Escoltando parlamentares em viagens ao exterior e divertindo-os com suas aventuras navais, McCain ouvia os senadores fofocando em coquetéis noturnos, ou os levava para reuniões secretas de comissões. E aproveitou a boa vontade deles: os senadores republicanos William Cohen, padrinho de casamento de McCain em 1980, e John Tower prestaram uma ajuda inestimável na sua eleição como deputado pelo Arizona, em 1982.
Como senador ou candidato a presidente, McCain prefere tomar decisões consultando especialistas com opiniões conflitantes e preferencialmente assistindo ao confronto. "Ele incentiva a discordância diante dele, para ver evidências que discordem do rumo que ele poderia tomar", disse o economista Kevin Hassett, próximo ao candidato.

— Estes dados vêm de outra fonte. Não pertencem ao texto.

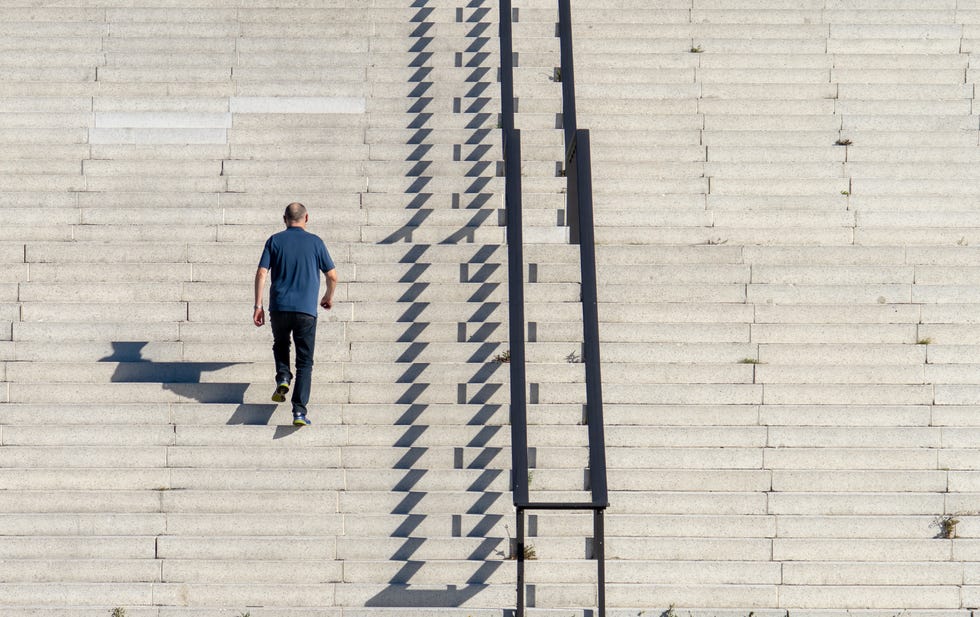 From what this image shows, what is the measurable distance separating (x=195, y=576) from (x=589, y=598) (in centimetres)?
190

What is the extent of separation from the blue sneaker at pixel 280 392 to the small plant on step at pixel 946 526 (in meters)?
3.36

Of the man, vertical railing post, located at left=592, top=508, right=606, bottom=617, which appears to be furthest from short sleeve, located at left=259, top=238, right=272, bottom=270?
vertical railing post, located at left=592, top=508, right=606, bottom=617

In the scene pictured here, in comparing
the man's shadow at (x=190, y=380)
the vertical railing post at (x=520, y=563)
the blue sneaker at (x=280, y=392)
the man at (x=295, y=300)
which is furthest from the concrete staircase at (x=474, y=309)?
the vertical railing post at (x=520, y=563)

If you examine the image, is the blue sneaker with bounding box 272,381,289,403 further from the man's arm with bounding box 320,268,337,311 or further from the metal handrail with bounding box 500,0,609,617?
the metal handrail with bounding box 500,0,609,617

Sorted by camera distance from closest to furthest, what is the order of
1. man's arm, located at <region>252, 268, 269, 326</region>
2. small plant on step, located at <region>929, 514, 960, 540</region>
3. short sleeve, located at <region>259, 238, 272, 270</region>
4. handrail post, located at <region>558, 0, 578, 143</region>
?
1. small plant on step, located at <region>929, 514, 960, 540</region>
2. man's arm, located at <region>252, 268, 269, 326</region>
3. short sleeve, located at <region>259, 238, 272, 270</region>
4. handrail post, located at <region>558, 0, 578, 143</region>

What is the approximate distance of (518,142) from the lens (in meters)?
8.06

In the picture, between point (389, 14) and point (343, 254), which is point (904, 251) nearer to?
point (343, 254)

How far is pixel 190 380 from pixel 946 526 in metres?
4.09

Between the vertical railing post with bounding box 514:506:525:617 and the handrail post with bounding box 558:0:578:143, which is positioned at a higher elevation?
the handrail post with bounding box 558:0:578:143

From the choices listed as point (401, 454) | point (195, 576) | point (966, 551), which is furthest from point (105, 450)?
point (966, 551)

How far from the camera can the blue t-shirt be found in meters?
7.33

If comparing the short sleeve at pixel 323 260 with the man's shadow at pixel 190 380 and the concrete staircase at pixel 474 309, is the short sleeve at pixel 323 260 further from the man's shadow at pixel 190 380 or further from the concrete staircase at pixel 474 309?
the man's shadow at pixel 190 380

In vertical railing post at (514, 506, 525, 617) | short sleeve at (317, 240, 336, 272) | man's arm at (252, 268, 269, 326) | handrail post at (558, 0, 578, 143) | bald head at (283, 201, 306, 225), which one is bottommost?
vertical railing post at (514, 506, 525, 617)

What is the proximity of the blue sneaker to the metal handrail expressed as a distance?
1307mm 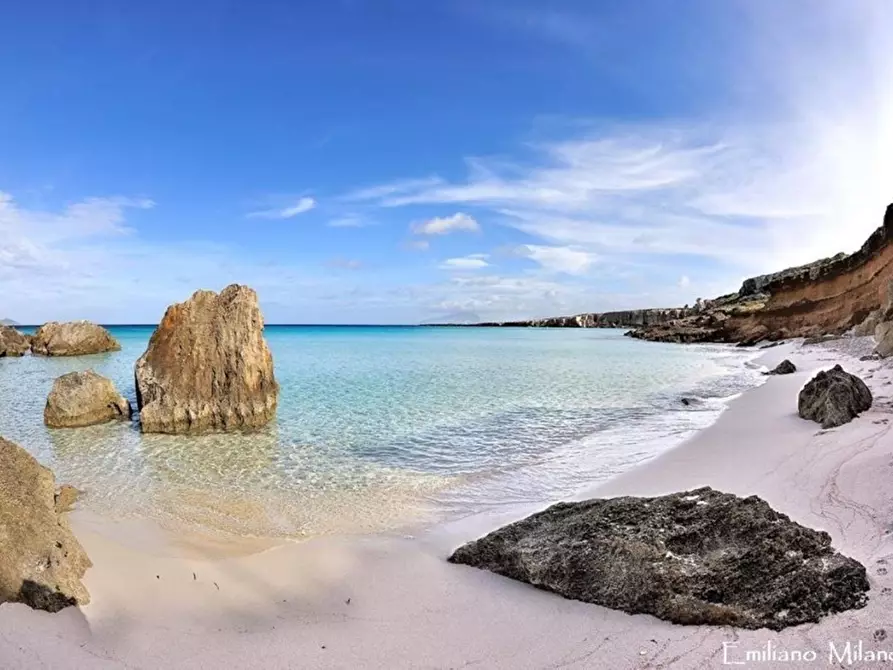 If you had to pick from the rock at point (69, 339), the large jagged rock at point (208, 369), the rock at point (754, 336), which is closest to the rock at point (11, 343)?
the rock at point (69, 339)

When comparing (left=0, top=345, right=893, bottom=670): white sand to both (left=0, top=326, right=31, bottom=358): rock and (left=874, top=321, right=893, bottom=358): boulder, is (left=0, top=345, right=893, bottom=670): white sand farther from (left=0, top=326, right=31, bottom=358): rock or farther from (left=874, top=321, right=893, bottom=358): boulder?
(left=0, top=326, right=31, bottom=358): rock

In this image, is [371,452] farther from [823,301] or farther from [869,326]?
[823,301]

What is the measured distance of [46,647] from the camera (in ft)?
14.5

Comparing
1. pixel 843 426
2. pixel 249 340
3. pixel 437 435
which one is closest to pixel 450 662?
pixel 843 426

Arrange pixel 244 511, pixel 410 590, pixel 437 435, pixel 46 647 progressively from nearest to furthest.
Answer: pixel 46 647 → pixel 410 590 → pixel 244 511 → pixel 437 435

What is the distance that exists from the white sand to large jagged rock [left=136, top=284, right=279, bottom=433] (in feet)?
25.2

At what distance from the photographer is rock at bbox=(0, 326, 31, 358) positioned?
4772 centimetres

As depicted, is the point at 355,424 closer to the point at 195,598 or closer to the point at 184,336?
the point at 184,336

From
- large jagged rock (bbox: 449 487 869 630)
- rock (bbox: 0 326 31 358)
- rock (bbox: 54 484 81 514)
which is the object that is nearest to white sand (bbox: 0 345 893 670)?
large jagged rock (bbox: 449 487 869 630)

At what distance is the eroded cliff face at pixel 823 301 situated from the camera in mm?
32094

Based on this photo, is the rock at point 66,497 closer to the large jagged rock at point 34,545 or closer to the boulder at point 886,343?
the large jagged rock at point 34,545

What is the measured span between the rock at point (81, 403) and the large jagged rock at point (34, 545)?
11056mm

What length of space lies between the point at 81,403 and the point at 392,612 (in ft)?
50.0

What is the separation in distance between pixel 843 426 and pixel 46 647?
1207 centimetres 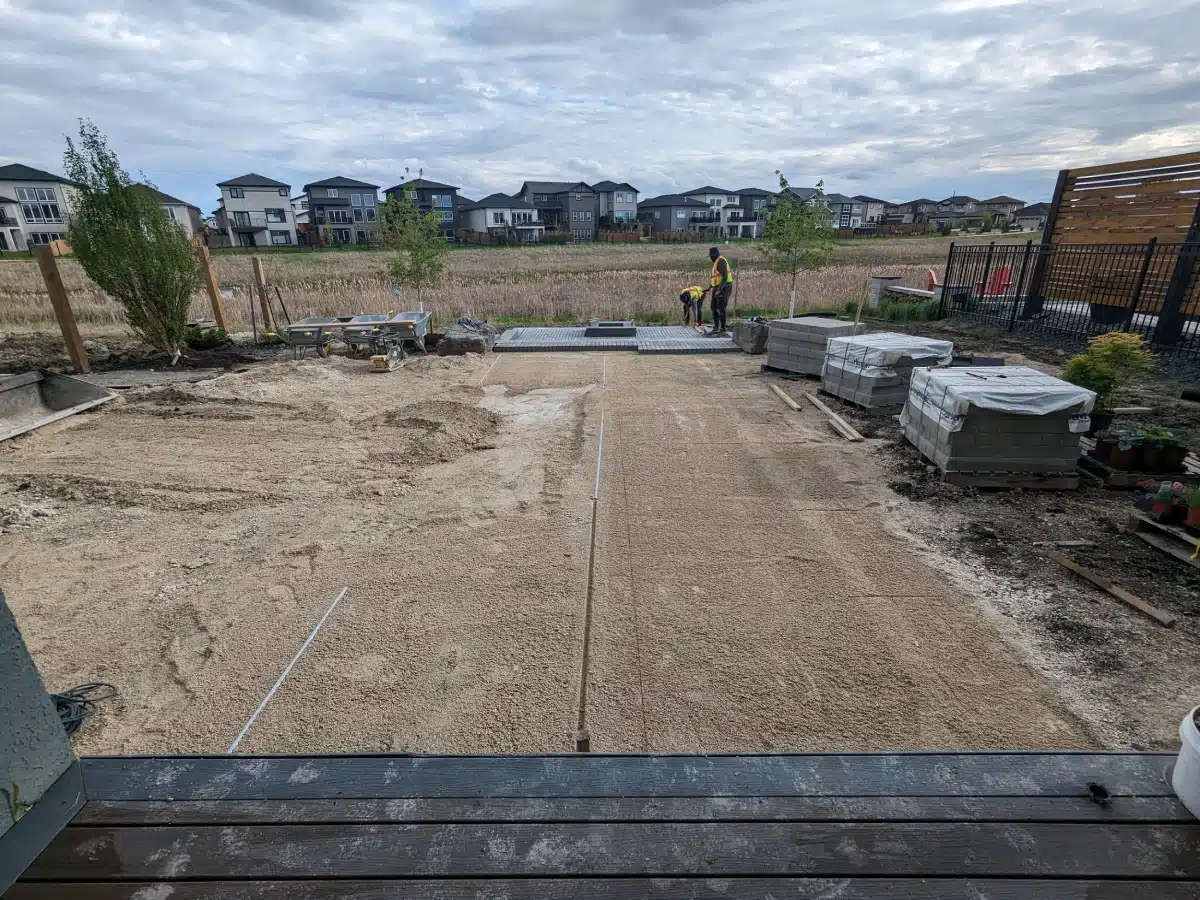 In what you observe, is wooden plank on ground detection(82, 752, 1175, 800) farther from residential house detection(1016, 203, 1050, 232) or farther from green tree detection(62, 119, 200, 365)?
residential house detection(1016, 203, 1050, 232)

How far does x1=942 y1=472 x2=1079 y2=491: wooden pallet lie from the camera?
5.74 meters

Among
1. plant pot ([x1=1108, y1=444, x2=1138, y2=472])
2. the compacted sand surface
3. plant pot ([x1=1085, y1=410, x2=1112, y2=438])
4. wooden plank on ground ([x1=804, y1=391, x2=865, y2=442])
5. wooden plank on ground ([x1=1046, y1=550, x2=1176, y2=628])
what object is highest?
plant pot ([x1=1085, y1=410, x2=1112, y2=438])

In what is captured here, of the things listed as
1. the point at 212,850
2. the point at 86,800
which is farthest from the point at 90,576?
the point at 212,850

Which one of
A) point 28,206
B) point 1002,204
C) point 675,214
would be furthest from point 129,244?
point 1002,204

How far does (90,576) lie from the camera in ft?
14.9

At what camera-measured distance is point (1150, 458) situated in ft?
18.9

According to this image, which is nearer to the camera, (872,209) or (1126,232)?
(1126,232)

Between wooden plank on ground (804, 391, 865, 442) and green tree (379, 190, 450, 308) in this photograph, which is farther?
green tree (379, 190, 450, 308)

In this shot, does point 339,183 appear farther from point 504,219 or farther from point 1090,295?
point 1090,295

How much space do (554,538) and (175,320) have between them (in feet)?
35.6

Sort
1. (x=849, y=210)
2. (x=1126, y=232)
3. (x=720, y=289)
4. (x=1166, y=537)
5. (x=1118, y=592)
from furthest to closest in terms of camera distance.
→ (x=849, y=210), (x=720, y=289), (x=1126, y=232), (x=1166, y=537), (x=1118, y=592)

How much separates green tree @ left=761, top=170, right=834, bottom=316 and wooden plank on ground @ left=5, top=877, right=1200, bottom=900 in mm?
14049

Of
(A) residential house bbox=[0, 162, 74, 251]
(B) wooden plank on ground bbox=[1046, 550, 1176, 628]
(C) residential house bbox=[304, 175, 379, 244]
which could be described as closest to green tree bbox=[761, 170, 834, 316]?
(B) wooden plank on ground bbox=[1046, 550, 1176, 628]

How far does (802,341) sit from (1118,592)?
6.80 meters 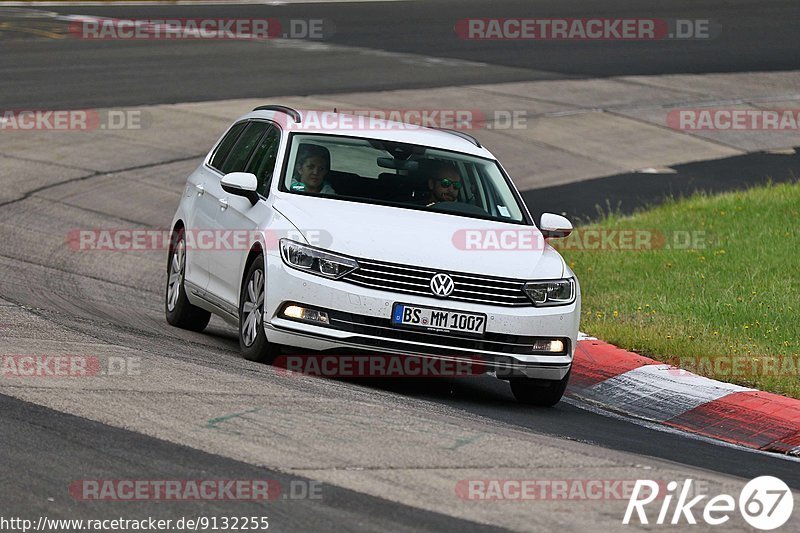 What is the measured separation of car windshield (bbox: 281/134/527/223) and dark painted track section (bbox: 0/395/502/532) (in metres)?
3.32

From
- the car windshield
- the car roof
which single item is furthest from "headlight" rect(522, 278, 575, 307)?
the car roof

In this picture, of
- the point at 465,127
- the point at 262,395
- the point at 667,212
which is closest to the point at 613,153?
the point at 465,127

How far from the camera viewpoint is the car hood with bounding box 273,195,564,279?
30.0ft

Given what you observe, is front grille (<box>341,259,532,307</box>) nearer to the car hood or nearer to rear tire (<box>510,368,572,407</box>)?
the car hood

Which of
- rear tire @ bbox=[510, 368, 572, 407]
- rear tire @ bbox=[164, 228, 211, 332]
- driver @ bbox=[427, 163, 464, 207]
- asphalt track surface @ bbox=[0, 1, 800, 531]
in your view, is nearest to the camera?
asphalt track surface @ bbox=[0, 1, 800, 531]

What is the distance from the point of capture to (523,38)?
33594mm

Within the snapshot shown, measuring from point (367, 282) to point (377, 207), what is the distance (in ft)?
3.15

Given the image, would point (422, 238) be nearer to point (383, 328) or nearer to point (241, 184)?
point (383, 328)

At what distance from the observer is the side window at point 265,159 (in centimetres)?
1032

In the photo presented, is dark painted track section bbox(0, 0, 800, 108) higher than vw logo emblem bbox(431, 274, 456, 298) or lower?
lower

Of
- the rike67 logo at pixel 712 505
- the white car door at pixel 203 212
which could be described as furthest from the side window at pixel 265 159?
the rike67 logo at pixel 712 505

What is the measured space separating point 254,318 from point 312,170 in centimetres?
121

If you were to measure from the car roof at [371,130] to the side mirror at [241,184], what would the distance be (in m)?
0.68

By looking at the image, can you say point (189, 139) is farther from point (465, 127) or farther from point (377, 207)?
point (377, 207) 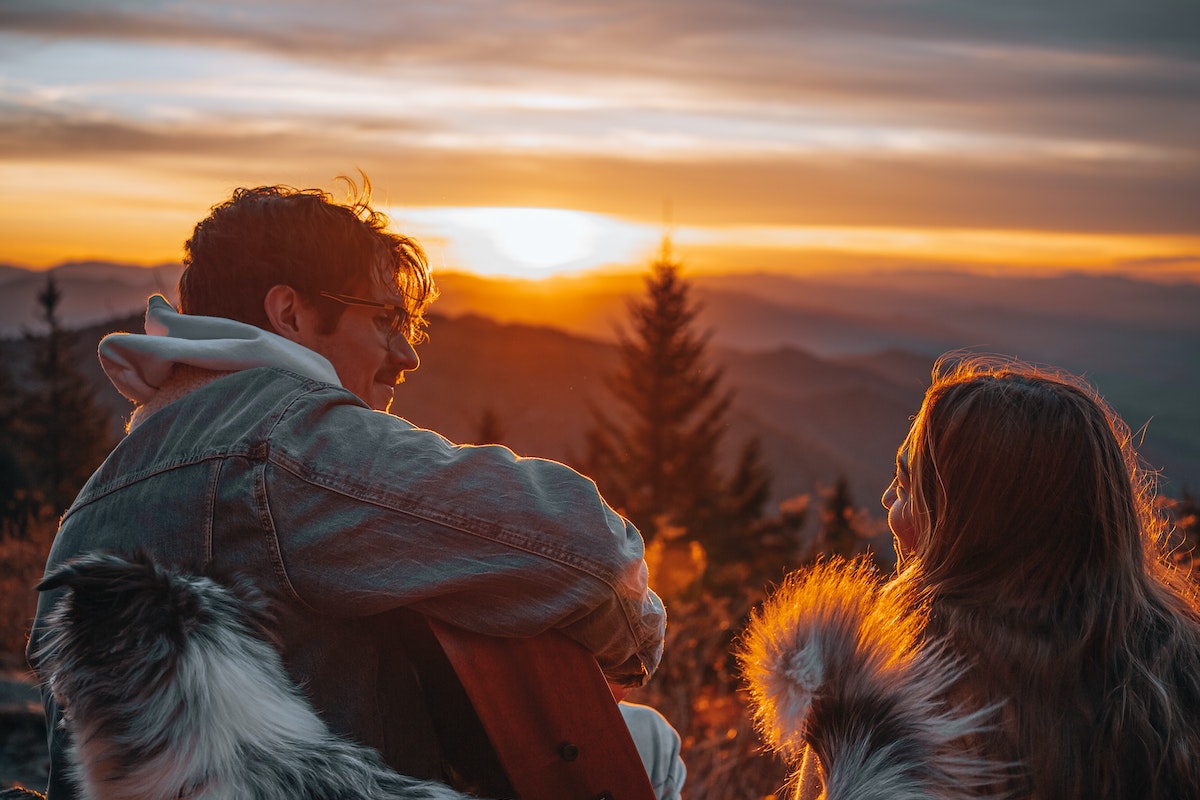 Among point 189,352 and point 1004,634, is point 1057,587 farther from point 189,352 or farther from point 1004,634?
point 189,352

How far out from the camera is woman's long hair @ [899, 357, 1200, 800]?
1.77 meters

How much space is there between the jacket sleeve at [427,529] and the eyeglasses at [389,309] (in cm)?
52

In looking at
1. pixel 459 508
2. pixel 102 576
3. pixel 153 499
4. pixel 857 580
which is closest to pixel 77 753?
pixel 102 576

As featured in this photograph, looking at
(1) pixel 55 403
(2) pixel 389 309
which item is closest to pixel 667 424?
(1) pixel 55 403

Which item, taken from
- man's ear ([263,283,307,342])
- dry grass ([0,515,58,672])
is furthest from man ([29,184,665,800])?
dry grass ([0,515,58,672])

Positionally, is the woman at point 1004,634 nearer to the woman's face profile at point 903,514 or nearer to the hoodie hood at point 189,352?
the woman's face profile at point 903,514

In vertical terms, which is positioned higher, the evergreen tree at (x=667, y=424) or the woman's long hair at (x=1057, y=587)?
the woman's long hair at (x=1057, y=587)

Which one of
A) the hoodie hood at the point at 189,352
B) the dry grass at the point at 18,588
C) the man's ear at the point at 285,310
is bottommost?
the dry grass at the point at 18,588

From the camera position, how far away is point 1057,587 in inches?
74.9

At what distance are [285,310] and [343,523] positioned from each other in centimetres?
73

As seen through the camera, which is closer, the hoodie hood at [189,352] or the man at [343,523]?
the man at [343,523]

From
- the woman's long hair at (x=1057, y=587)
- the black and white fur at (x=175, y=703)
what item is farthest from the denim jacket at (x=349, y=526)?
the woman's long hair at (x=1057, y=587)

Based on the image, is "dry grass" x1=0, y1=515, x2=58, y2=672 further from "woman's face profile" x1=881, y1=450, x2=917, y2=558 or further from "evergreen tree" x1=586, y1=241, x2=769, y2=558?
"evergreen tree" x1=586, y1=241, x2=769, y2=558

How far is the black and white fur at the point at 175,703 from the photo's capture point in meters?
1.48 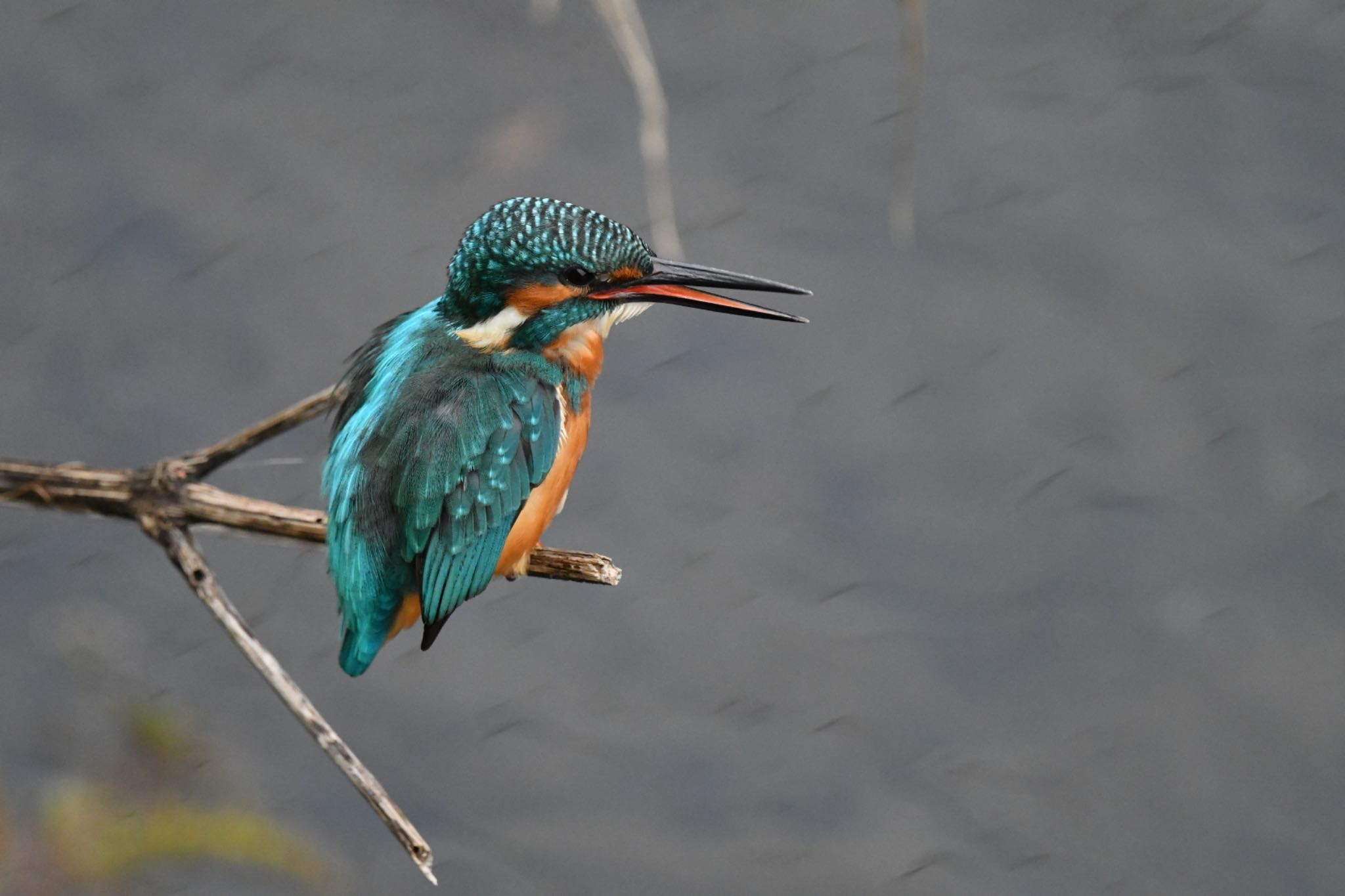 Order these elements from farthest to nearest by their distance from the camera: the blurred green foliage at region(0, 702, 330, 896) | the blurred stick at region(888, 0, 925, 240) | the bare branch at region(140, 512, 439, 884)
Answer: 1. the blurred stick at region(888, 0, 925, 240)
2. the blurred green foliage at region(0, 702, 330, 896)
3. the bare branch at region(140, 512, 439, 884)

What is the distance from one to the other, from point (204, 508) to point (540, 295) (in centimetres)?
48

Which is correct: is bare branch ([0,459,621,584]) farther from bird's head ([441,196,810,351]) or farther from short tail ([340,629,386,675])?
bird's head ([441,196,810,351])

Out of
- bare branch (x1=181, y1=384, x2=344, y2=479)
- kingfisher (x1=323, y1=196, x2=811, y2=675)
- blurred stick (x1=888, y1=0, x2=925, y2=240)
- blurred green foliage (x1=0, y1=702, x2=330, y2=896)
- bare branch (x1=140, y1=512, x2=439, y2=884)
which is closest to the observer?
bare branch (x1=140, y1=512, x2=439, y2=884)

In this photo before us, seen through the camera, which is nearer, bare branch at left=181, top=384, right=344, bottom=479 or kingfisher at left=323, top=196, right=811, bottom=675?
kingfisher at left=323, top=196, right=811, bottom=675

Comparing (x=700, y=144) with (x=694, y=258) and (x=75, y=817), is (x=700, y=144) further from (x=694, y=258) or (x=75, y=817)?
(x=75, y=817)

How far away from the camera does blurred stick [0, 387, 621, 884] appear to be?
1461 millimetres

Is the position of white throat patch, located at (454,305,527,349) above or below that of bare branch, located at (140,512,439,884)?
above

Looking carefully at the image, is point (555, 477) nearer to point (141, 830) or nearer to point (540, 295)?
point (540, 295)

As derrotas podem lhe doer. Quando em 1998 os conservadores obstruíram um importante projeto sobre o tabagismo que ele havia negociado, McCain desancou o seu próprio partido por destinar as crianças ao câncer de pulmão. Depois de perder brigas por causa das regras de financiamento de campanha, ele acabava chamando os adversários de corruptos. Ele aprecia o conflito, segundo amigos, e seria um presidente do confronto. "Esse homem atravessa a rua para entrar numa boa briga", disse o senador republicano Lindsey Graham, seu amigo íntimo.
Em momentos mais reflexivos, McCain diz buscar um distanciamento estóico em relação à perspectiva de vitória ou derrota, um hábito que afirma ter adquirido como piloto da Marinha e prisioneiro de guerra. "Tendo a ser fatalista sobre essas coisas", disse ele em uma entrevista logo após assegurar a indicação republicana, minimizando seu sucesso.
Avaliando sua pré-candidatura de 2000 à Casa Branca, ele se preocupou em equilibrar sua ambição com o senso de virtude. Então escreveu "Worth the Fighting For".
Após a derrota, ele se declarou grato, aos 65 anos de idade, pelo que ainda lhe restaria por viver. "Não cheguei a presidente dos Estados Unidos. E duvido que tenha razão ou oportunidade para tentar de novo", escreveu, para, no entanto, acrescentar: "Eu ainda posso me tornar o homem que eu sempre quis ser".